__TASK INSTRUCTIONS__:
Return exactly the lines from the "Aurora Peewee Penguin" line through the last line of the entries below. Include no pictures.

Start of Block

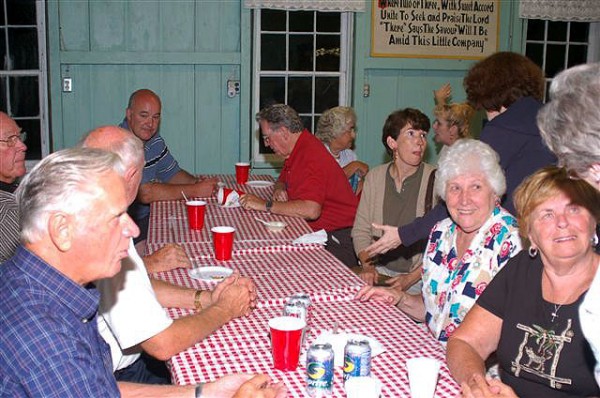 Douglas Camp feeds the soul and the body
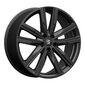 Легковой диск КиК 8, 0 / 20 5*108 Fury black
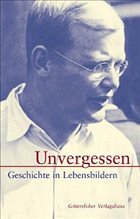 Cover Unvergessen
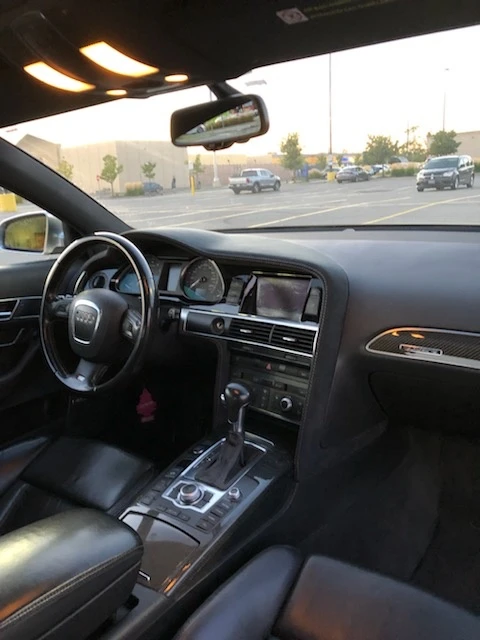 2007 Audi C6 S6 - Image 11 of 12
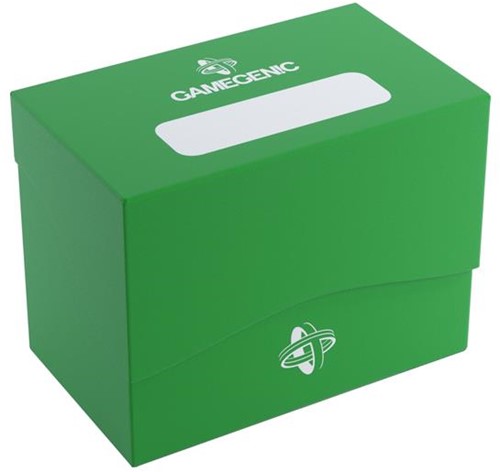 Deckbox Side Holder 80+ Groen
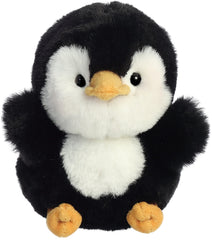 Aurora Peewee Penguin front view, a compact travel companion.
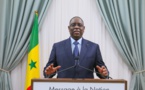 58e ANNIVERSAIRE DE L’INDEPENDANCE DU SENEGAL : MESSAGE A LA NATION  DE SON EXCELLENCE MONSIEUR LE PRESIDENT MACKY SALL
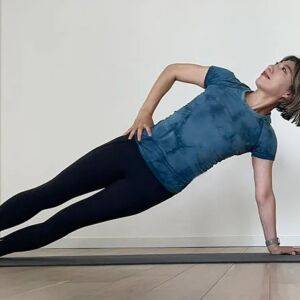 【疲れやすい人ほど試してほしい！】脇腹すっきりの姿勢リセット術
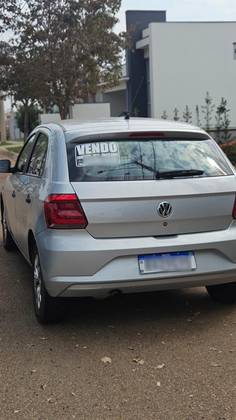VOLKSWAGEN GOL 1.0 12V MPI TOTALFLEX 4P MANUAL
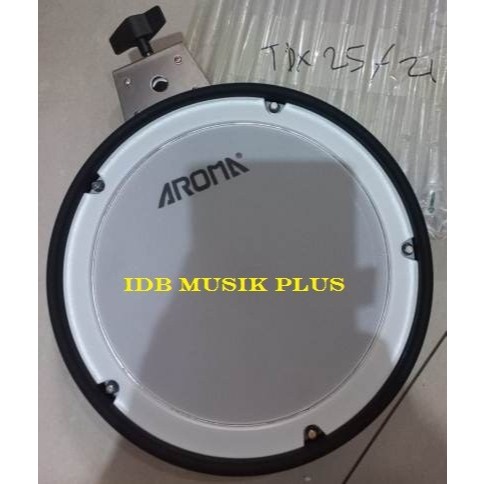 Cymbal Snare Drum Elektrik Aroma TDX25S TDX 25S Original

End of Block

__REPLY TO THE EXERCISE__:
 Aurora Peewee Penguin front view, a compact travel companion.
 58e ANNIVERSAIRE DE L’INDEPENDANCE DU SENEGAL : MESSAGE A LA NATION  DE SON EXCELLENCE MONSIEUR LE PRESIDENT MACKY SALL
 【疲れやすい人ほど試してほしい！】脇腹すっきりの姿勢リセット術
VOLKSWAGEN GOL 1.0 12V MPI TOTALFLEX 4P MANUAL
 Cymbal Snare Drum Elektrik Aroma TDX25S TDX 25S Original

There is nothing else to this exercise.